Anyways… John Lloyd’s lagok (and the entire concept of the movie) reminds me of a younger self falling in unrequited love with a friend and needing to take a shot (or seven) of tequila, to have bitter alcohol drown bitter feelings. Not that I was jealous. When I realized I really liked him, when I found out that thinking of him has my heart pinching itself painfully (a failed attempt to wake up from ridiculous emotions), there were no delusions of being THE one for him. From the beginning I knew that I will love him quietly in my corner. There was no desire to covet him for myself. If some people know na “sya na!” this one I know is “hindi talaga!” But love is love, and I simply loved him. As Pablo Neruda says, “without knowing how or when or why.” I just did.
Seven shots of tequila wisdom happened somewhat similar to that “Close to You” scene. Except my song was “A Friend of Mine” (lets all shout in unison, “ang baduuuuuuy!”). We were there by the entrance of our seminar venue, talking about the girl. The girl was on stage singing (guess what), “A Friend of Mine” (sing Alanis! “Isn’t it ironic, don’t you think…). Before I had to take my tequila shots, I had to gulp my tears away with Coke first.
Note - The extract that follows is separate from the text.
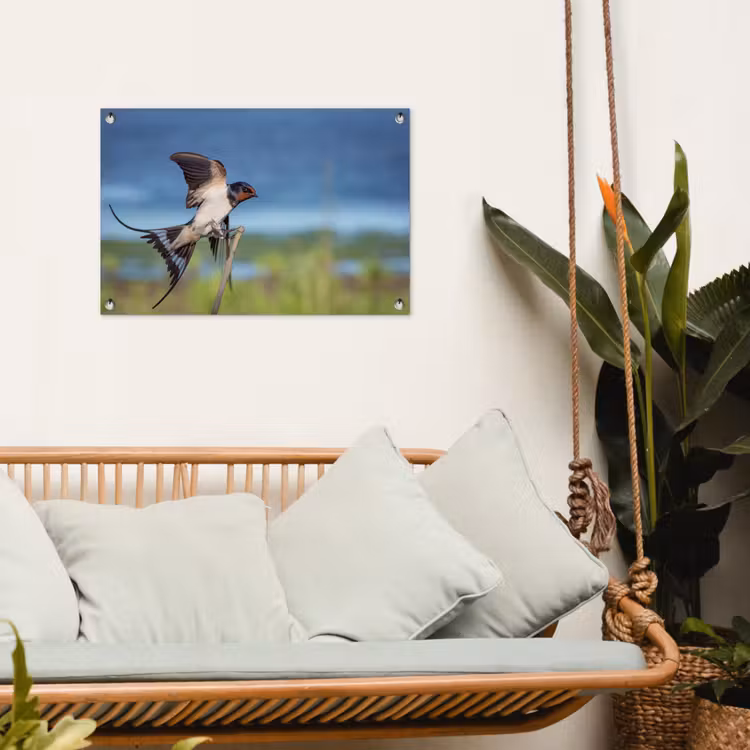 Tuinposter - Vogel - Zwaluw - Vliegen — 4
I don’t know how we split ways, but he ended up spending his time with her and I ended up drinking one shot of tequila after another. Seven. The most I’ve had, I think. At some point, I went to the boy’s bathroom (declared unisex that night) to take a pee. And after, I just sat on the cold tiles catching my breath (a slight asphyxiation was occurring) when he came in and asked if I was okay. Of course I said I was.
Anyway… I have always carried the memory of that night with me. It reminds me how much I am capable of loving without asking for anything in return. To watch someone I love fall in love and wish that she loves him back knowing that would make him the happiest person in the world.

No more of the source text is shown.